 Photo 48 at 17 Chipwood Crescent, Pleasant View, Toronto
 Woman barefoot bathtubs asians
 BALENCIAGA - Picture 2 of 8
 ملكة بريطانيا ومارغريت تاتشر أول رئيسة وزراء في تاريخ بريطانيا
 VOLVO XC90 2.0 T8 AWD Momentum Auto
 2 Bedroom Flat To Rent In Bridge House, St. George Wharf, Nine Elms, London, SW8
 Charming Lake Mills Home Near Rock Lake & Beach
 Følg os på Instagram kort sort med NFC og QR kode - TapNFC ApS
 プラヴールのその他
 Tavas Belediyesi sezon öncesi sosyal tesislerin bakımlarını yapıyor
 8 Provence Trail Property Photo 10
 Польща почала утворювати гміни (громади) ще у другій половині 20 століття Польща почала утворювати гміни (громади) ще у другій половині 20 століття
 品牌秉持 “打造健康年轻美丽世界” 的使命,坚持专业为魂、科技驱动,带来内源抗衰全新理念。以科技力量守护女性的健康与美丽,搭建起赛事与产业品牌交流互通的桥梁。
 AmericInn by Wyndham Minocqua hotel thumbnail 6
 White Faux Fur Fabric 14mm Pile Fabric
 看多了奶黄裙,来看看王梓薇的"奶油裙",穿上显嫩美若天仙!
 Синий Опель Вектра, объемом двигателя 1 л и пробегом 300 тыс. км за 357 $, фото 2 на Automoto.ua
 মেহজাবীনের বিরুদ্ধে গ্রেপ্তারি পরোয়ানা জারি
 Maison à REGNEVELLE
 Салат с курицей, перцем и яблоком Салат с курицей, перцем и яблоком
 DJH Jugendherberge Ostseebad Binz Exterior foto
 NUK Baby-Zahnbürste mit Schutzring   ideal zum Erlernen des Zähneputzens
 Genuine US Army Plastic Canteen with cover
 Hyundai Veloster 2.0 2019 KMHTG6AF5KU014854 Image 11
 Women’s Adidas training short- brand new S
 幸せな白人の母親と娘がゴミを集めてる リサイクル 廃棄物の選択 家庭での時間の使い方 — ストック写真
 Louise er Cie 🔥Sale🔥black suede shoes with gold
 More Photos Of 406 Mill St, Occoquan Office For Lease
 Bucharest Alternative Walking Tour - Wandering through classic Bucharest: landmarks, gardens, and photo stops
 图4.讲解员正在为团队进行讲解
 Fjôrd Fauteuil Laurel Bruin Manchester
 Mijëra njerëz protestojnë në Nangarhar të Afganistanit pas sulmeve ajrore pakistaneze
---------------
> What is expected
Take the line that holds "图4.讲解员正在为团队进行讲解" as the first and the last line of the material as the final one. Print that span exactly, both ends included.

> Finished exercise
 图4.讲解员正在为团队进行讲解
 Fjôrd Fauteuil Laurel Bruin Manchester
 Mijëra njerëz protestojnë në Nangarhar të Afganistanit pas sulmeve ajrore pakistaneze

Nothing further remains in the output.